The answer must consist only of the lines from the line with "Long Crochet Jacket" to the line with "复古毛绒全包勃肯鞋女2025", both included, exactly as they stand below.

━━━ STORED DATA ━━━

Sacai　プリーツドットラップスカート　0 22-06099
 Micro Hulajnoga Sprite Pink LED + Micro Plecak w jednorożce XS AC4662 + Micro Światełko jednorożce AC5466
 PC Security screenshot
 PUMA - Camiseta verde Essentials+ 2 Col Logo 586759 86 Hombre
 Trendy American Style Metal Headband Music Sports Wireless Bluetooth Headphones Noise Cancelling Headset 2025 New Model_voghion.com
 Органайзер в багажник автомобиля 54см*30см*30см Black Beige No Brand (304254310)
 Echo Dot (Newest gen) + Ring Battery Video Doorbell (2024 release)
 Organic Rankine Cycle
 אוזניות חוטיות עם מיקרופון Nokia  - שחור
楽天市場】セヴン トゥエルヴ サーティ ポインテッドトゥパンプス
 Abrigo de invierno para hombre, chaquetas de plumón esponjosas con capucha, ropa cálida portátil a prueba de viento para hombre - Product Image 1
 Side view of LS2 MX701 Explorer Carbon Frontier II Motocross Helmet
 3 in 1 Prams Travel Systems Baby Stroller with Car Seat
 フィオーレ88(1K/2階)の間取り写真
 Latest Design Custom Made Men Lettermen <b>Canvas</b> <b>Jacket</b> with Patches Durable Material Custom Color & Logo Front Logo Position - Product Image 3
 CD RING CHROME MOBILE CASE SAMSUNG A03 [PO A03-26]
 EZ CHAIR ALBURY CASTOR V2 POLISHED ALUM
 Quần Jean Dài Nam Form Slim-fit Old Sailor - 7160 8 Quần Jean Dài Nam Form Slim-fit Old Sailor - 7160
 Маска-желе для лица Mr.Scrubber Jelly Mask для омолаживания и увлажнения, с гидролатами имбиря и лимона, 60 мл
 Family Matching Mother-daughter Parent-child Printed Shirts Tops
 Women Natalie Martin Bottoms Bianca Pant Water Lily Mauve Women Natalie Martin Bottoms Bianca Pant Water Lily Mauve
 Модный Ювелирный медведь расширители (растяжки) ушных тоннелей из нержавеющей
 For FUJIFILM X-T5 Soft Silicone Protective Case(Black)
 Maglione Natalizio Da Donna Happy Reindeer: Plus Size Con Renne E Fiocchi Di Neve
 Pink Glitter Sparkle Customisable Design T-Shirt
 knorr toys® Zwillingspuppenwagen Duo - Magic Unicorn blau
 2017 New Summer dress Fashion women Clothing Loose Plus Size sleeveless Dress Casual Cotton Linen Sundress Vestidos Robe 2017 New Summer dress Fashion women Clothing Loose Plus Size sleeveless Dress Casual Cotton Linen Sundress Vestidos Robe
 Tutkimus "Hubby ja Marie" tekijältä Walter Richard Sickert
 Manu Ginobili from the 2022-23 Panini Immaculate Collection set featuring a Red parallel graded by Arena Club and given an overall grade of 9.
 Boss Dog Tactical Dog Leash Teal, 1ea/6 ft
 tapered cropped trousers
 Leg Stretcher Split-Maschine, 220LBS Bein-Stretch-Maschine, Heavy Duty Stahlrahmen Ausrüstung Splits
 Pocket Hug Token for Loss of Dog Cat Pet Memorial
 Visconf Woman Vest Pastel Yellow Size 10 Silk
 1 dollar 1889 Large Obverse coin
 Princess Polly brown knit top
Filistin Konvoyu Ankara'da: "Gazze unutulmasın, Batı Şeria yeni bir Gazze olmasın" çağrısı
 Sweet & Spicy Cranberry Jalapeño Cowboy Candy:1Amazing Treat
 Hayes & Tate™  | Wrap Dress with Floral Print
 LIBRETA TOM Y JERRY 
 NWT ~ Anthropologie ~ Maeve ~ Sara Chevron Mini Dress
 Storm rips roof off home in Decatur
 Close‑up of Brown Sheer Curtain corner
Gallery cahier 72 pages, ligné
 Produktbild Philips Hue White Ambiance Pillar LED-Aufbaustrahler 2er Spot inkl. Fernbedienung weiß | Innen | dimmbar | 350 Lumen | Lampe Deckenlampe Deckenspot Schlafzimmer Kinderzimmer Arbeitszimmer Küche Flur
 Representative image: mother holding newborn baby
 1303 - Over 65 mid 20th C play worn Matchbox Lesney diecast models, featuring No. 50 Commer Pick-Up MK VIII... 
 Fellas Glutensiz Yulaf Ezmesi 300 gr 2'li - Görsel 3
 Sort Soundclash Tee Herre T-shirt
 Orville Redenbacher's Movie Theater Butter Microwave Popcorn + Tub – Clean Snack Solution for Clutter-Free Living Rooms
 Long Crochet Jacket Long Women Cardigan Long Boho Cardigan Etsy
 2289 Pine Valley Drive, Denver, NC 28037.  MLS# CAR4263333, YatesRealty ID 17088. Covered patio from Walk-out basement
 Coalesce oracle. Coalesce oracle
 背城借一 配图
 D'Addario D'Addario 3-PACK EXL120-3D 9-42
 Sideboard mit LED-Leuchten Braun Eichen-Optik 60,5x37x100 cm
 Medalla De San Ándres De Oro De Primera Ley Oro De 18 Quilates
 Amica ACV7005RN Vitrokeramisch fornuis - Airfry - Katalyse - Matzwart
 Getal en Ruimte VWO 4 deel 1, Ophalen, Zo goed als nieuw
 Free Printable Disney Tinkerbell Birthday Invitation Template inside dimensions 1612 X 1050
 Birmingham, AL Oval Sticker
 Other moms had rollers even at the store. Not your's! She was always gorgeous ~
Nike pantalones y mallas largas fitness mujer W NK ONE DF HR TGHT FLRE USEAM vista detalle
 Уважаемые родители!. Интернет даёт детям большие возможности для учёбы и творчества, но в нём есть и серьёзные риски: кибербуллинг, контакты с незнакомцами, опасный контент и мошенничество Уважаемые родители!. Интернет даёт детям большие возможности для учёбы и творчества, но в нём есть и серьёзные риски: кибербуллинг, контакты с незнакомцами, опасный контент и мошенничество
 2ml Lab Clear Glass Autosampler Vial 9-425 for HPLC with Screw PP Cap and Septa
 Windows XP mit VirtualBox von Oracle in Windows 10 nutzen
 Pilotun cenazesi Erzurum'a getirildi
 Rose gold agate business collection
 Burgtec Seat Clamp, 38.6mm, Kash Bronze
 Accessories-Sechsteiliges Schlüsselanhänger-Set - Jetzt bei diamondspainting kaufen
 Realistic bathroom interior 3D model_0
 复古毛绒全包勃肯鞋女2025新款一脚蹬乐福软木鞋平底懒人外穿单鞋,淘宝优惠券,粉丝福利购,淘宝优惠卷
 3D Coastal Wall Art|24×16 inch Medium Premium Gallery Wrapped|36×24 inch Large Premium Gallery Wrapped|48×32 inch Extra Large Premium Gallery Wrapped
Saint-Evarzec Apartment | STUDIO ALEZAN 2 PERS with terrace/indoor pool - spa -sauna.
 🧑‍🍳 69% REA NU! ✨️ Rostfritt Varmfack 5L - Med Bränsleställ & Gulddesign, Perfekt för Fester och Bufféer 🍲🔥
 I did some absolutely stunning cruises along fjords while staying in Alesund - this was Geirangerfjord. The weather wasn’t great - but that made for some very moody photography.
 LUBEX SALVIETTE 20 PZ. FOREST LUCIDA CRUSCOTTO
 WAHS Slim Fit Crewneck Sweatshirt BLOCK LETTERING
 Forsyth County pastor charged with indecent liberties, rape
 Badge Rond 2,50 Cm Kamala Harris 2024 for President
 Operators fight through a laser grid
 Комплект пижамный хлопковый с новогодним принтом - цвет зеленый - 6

━━━

SOLUTION FOR THIS PROBLEM:
 Long Crochet Jacket Long Women Cardigan Long Boho Cardigan Etsy
 2289 Pine Valley Drive, Denver, NC 28037.  MLS# CAR4263333, YatesRealty ID 17088. Covered patio from Walk-out basement
 Coalesce oracle. Coalesce oracle
 背城借一 配图
 D'Addario D'Addario 3-PACK EXL120-3D 9-42
 Sideboard mit LED-Leuchten Braun Eichen-Optik 60,5x37x100 cm
 Medalla De San Ándres De Oro De Primera Ley Oro De 18 Quilates
 Amica ACV7005RN Vitrokeramisch fornuis - Airfry - Katalyse - Matzwart
 Getal en Ruimte VWO 4 deel 1, Ophalen, Zo goed als nieuw
 Free Printable Disney Tinkerbell Birthday Invitation Template inside dimensions 1612 X 1050
 Birmingham, AL Oval Sticker
 Other moms had rollers even at the store. Not your's! She was always gorgeous ~
Nike pantalones y mallas largas fitness mujer W NK ONE DF HR TGHT FLRE USEAM vista detalle
 Уважаемые родители!. Интернет даёт детям большие возможности для учёбы и творчества, но в нём есть и серьёзные риски: кибербуллинг, контакты с незнакомцами, опасный контент и мошенничество Уважаемые родители!. Интернет даёт детям большие возможности для учёбы и творчества, но в нём есть и серьёзные риски: кибербуллинг, контакты с незнакомцами, опасный контент и мошенничество
 2ml Lab Clear Glass Autosampler Vial 9-425 for HPLC with Screw PP Cap and Septa
 Windows XP mit VirtualBox von Oracle in Windows 10 nutzen
 Pilotun cenazesi Erzurum'a getirildi
 Rose gold agate business collection
 Burgtec Seat Clamp, 38.6mm, Kash Bronze
 Accessories-Sechsteiliges Schlüsselanhänger-Set - Jetzt bei diamondspainting kaufen
 Realistic bathroom interior 3D model_0
 复古毛绒全包勃肯鞋女2025新款一脚蹬乐福软木鞋平底懒人外穿单鞋,淘宝优惠券,粉丝福利购,淘宝优惠卷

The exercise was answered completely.